_PROMPT_
Reproduce, exactly and only, the lines of the data that follows from the one containing "Rectangular Sheet Labels" down to the one containing "Casual Sports Suit", without pictures.
☆ ☆ ☆ ☆ ☆
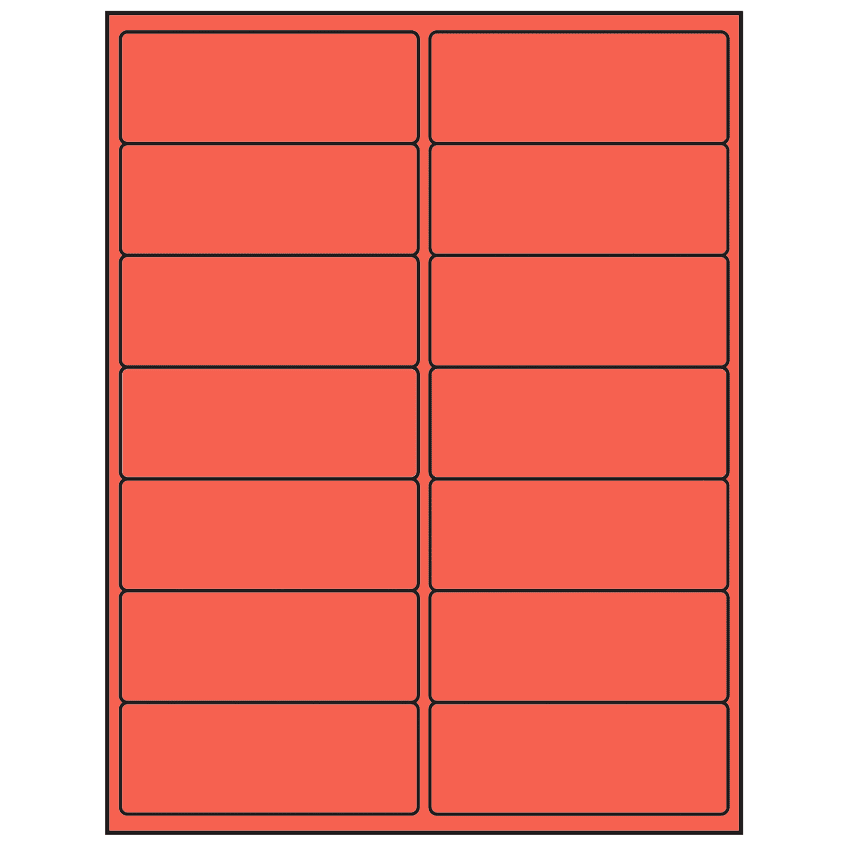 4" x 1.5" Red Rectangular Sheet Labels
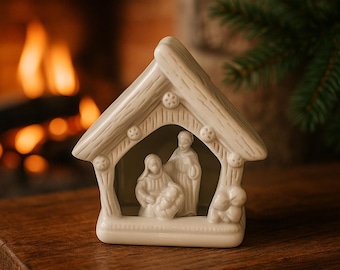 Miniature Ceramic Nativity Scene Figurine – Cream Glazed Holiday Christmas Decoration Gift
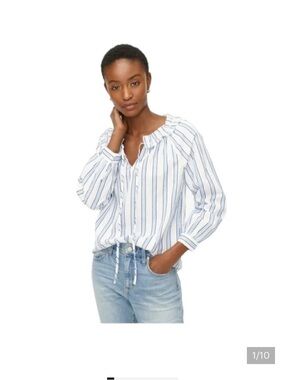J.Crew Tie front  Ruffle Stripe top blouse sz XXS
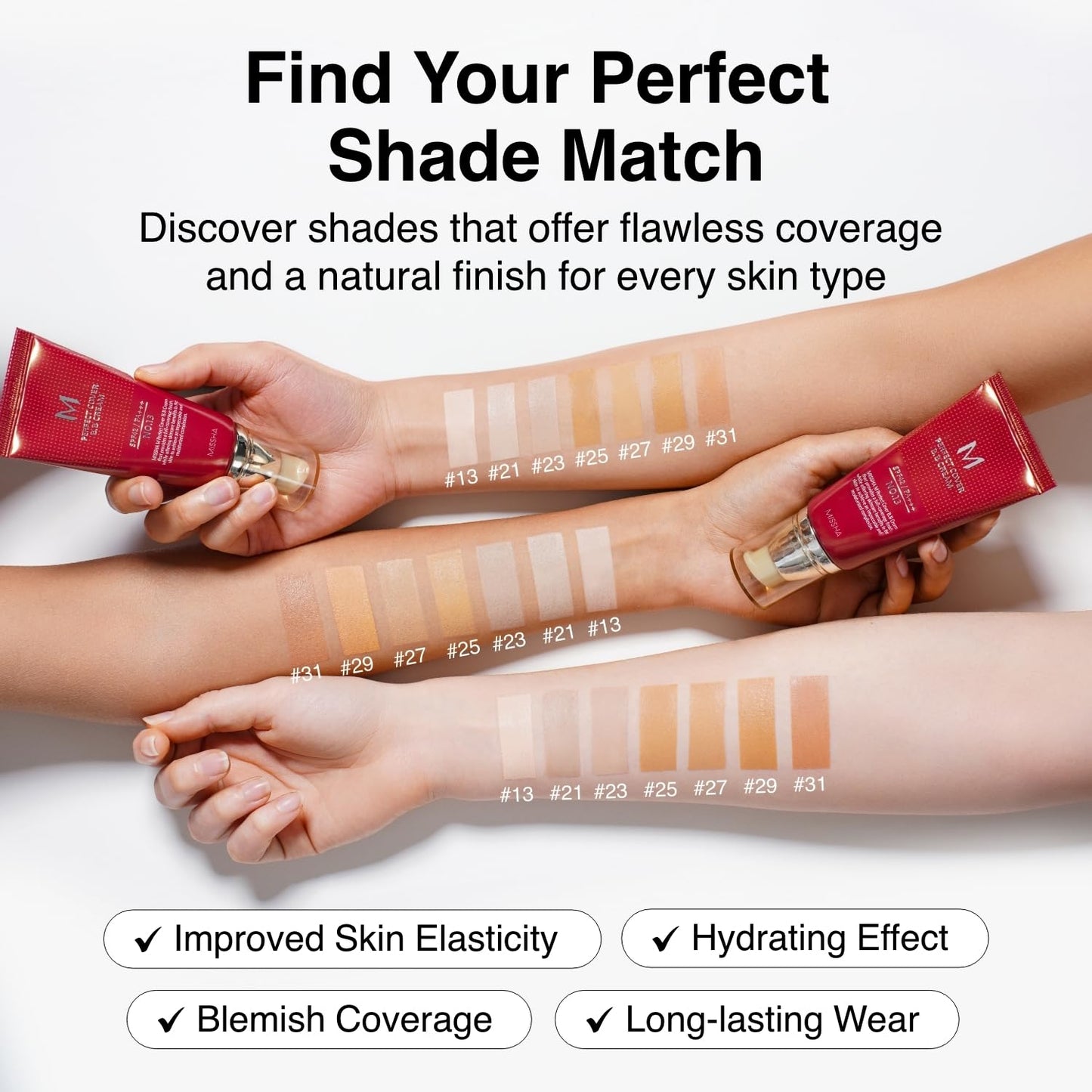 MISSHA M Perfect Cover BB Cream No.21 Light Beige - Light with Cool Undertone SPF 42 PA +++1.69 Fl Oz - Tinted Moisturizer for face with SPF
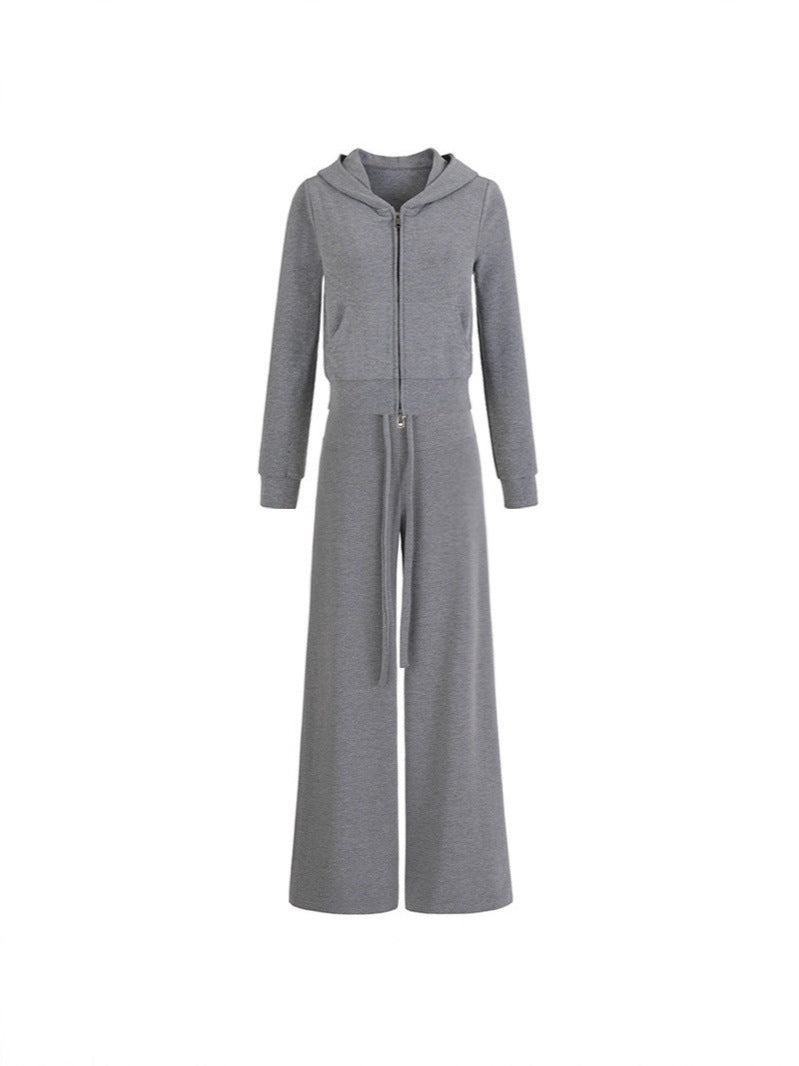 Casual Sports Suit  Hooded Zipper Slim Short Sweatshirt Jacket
☆ ☆ ☆ ☆ ☆
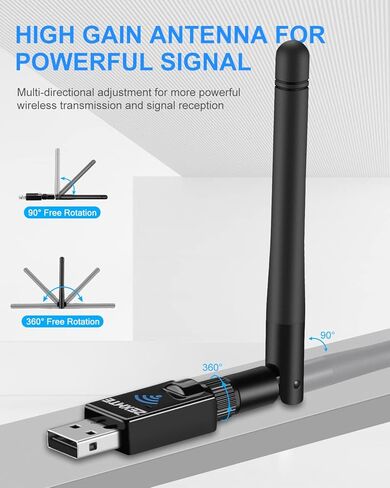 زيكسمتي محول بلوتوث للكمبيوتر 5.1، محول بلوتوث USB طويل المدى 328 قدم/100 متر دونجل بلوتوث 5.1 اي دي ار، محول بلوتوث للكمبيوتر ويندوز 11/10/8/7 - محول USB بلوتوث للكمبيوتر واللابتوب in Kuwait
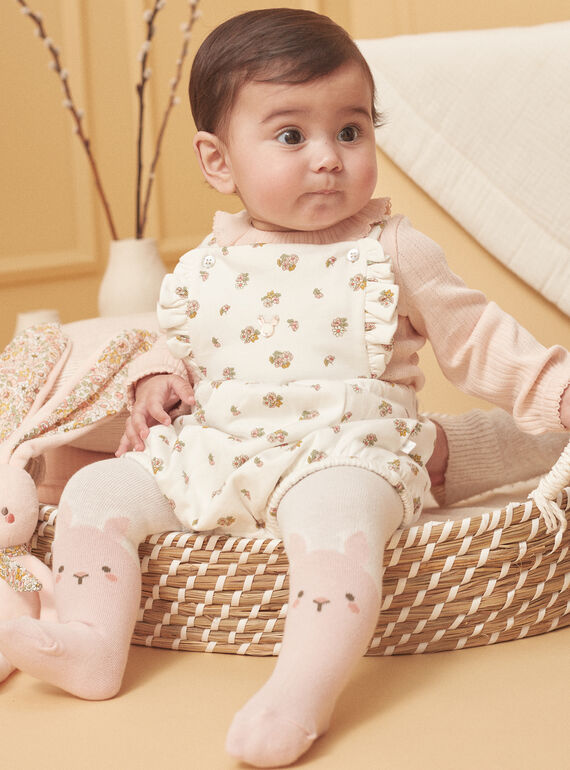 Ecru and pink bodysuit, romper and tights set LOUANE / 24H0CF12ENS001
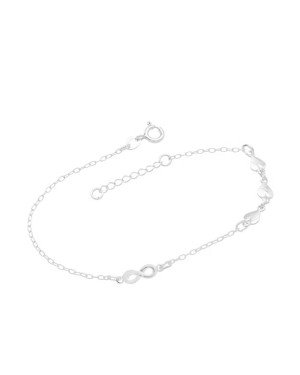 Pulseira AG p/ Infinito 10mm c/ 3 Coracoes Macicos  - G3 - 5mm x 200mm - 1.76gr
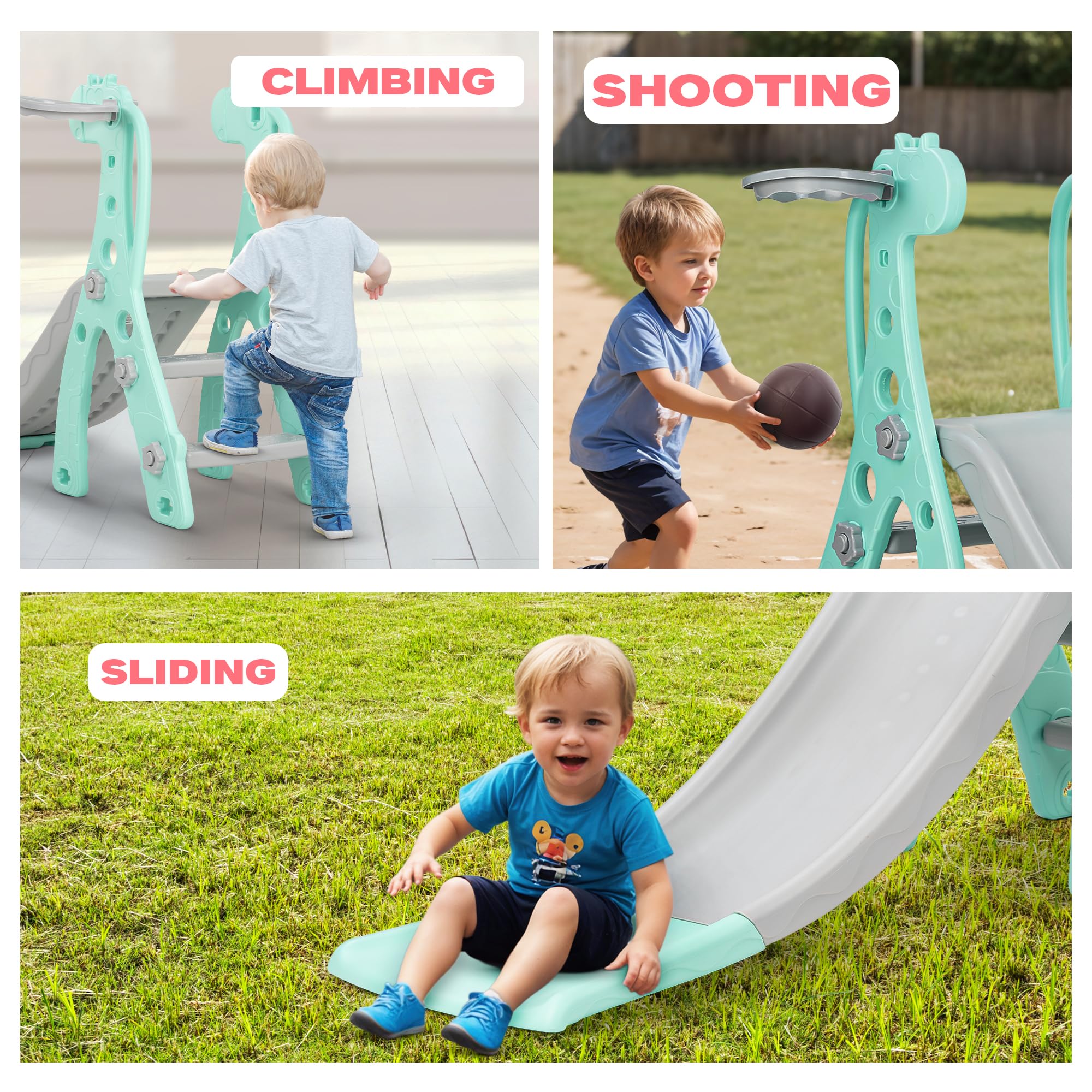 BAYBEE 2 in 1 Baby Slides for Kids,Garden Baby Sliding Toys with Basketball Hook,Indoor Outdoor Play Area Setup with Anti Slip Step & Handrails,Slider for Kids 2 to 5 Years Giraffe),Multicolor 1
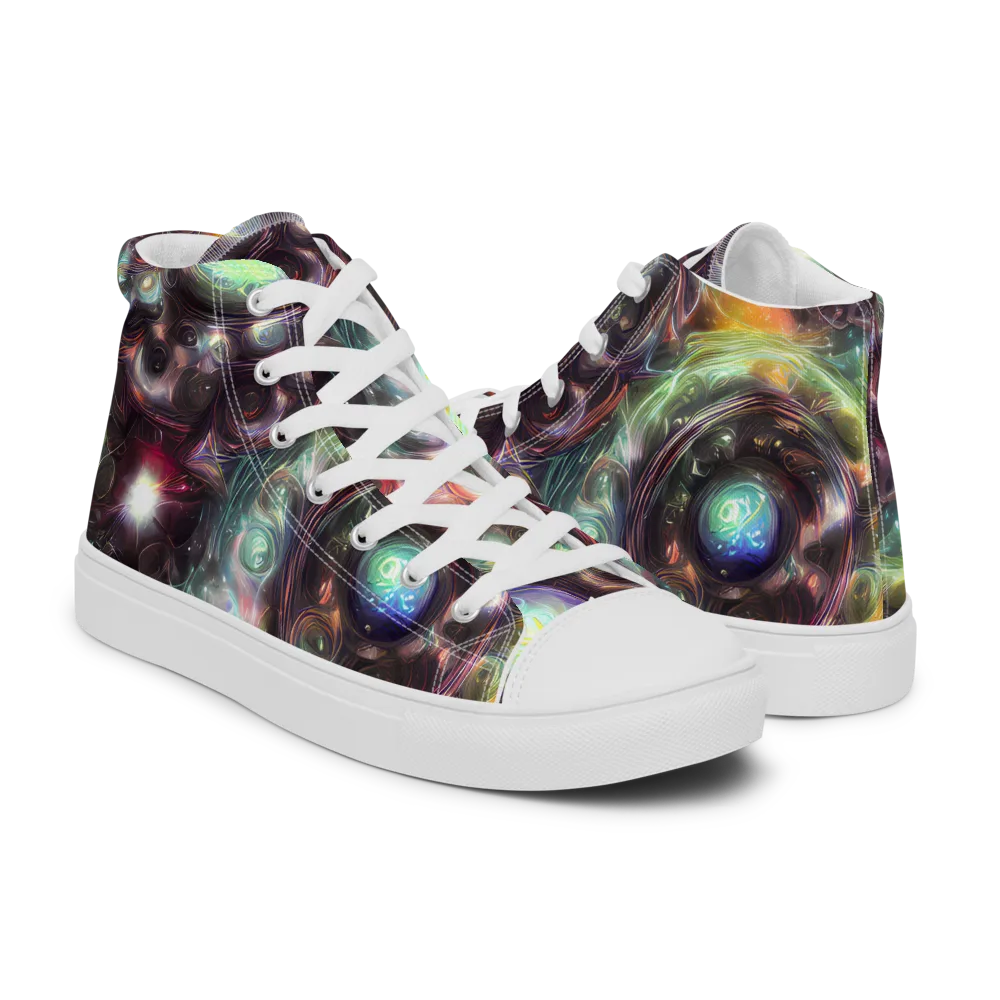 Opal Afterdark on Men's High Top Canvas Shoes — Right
☆ ☆ ☆ ☆ ☆
_EXERCISE OUTPUT_
 4" x 1.5" Red Rectangular Sheet Labels
 Miniature Ceramic Nativity Scene Figurine – Cream Glazed Holiday Christmas Decoration Gift
J.Crew Tie front  Ruffle Stripe top blouse sz XXS
 MISSHA M Perfect Cover BB Cream No.21 Light Beige - Light with Cool Undertone SPF 42 PA +++1.69 Fl Oz - Tinted Moisturizer for face with SPF
 Casual Sports Suit  Hooded Zipper Slim Short Sweatshirt Jacket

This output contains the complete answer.